Collection entries
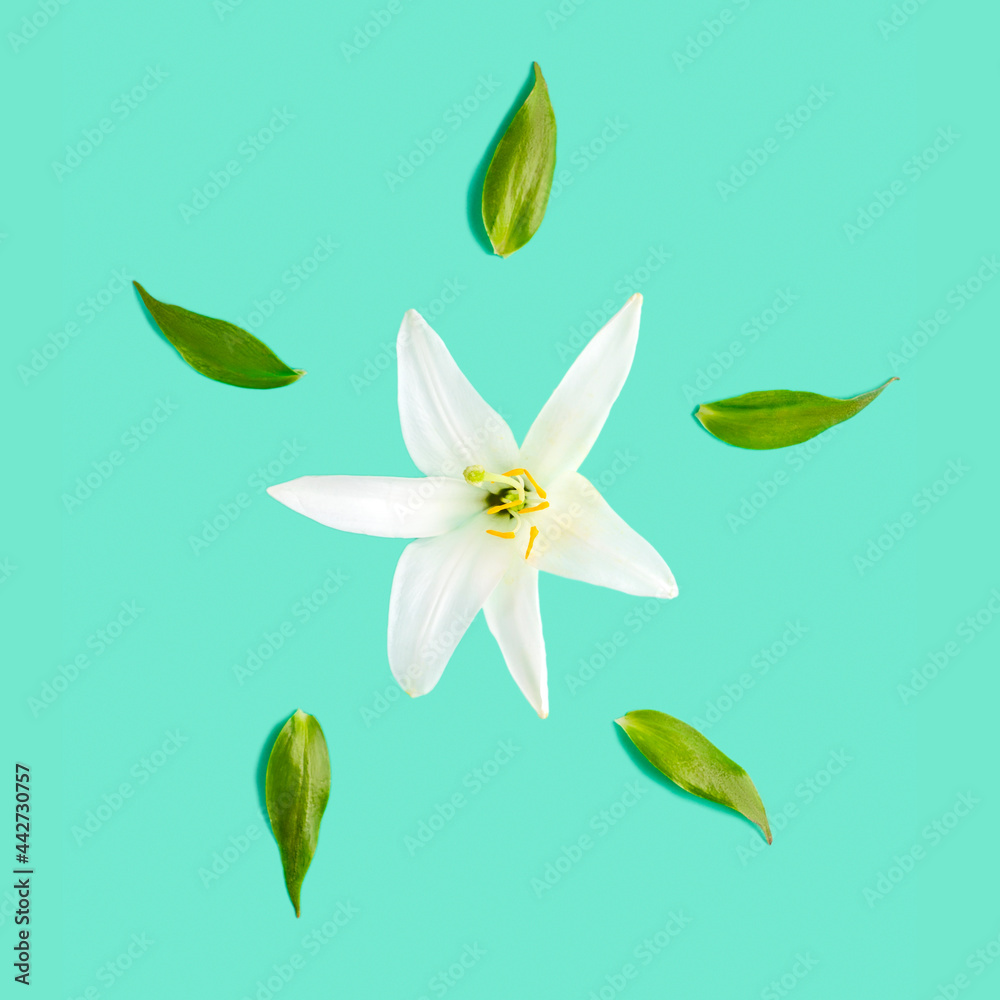 Naklejka premium White lily flower and green leaves on a pastel mint background. Flat lay, top view.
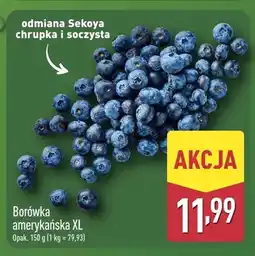 ALDI Borówka amerykańska XL oferta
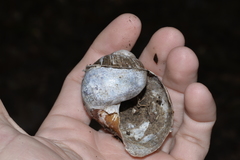 Hedleyella falconeri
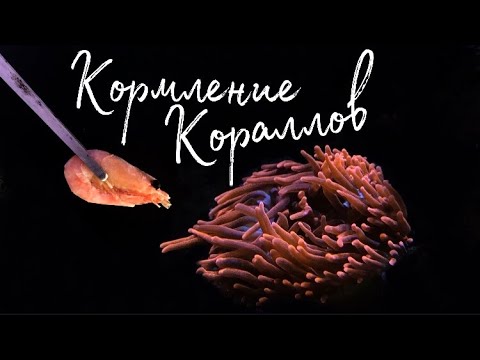 Видео: Кормление кораллов | Морской аквариум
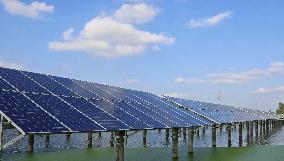 Fish-light Complementary Photovoltaic Power Plant in Hai'an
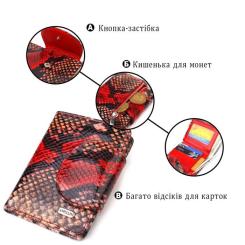Кошелек Canpellini Из натуральной кожи Разноцветный Фото 3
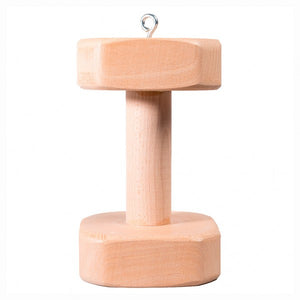 Magnetic dumbbell with wooden middle part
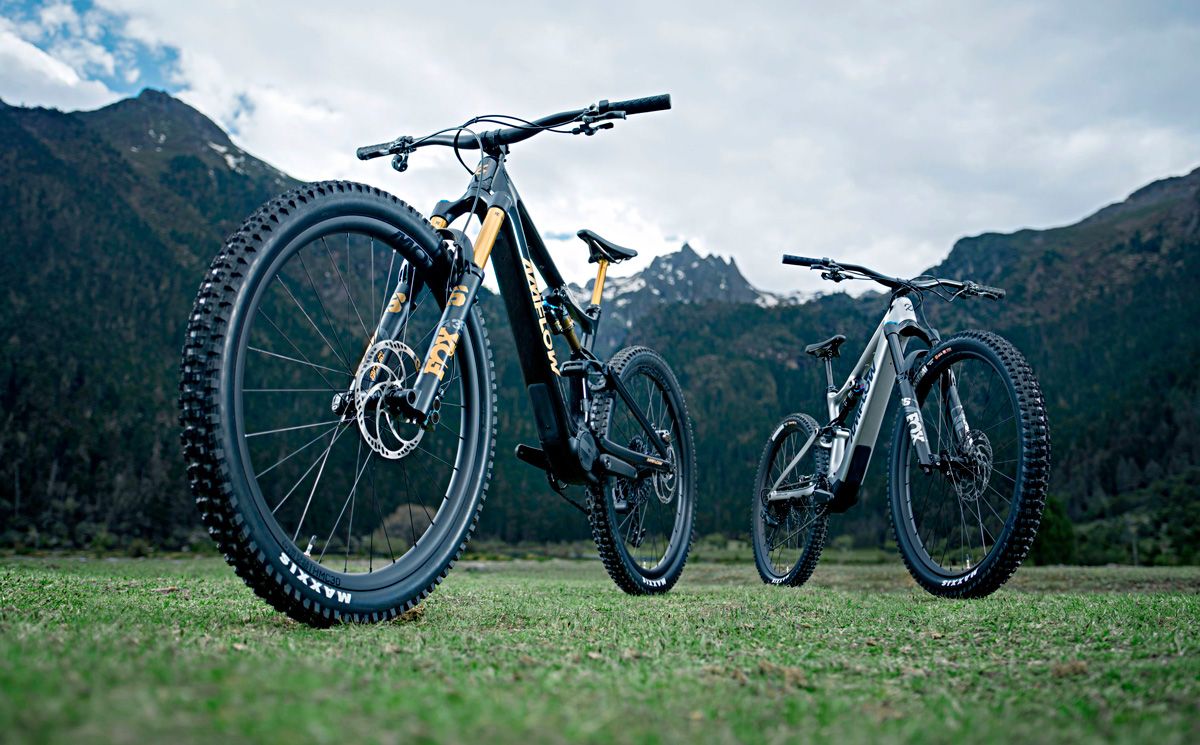 Two Bike static Jungle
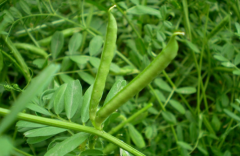 失眠烦躁怎么办？中药大巢菜来帮您！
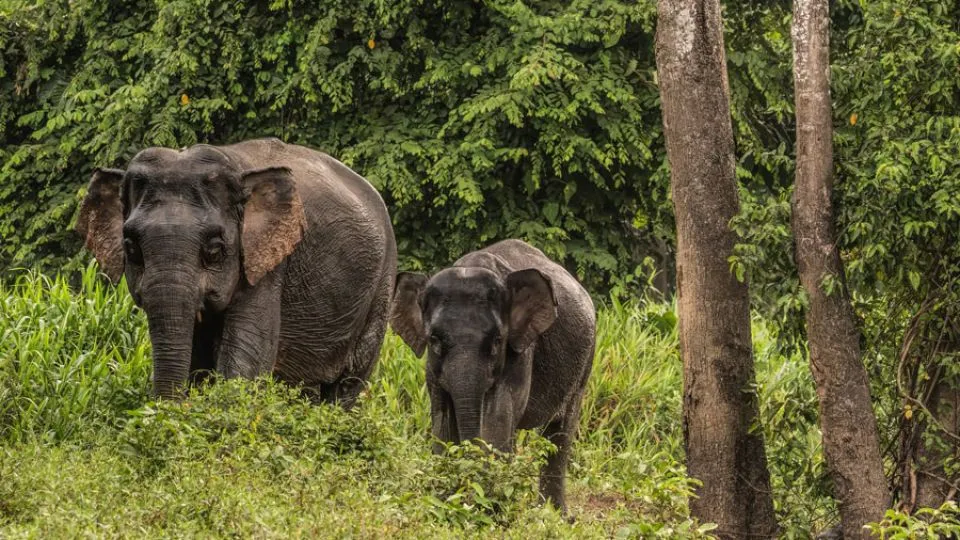 Farmers in Malaysia’s Ipoh want swift action against rogue elephants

Task goal
Exactly as written, give the entries above again, with no images.

Exercise solution
 Naklejka premium White lily flower and green leaves on a pastel mint background. Flat lay, top view.
 ALDI Borówka amerykańska XL oferta
 Hedleyella falconeri
 Видео: Кормление кораллов | Морской аквариум
 Fish-light Complementary Photovoltaic Power Plant in Hai'an
Кошелек Canpellini Из натуральной кожи Разноцветный Фото 3
 Magnetic dumbbell with wooden middle part
 Two Bike static Jungle
 失眠烦躁怎么办？中药大巢菜来帮您！
 Farmers in Malaysia’s Ipoh want swift action against rogue elephants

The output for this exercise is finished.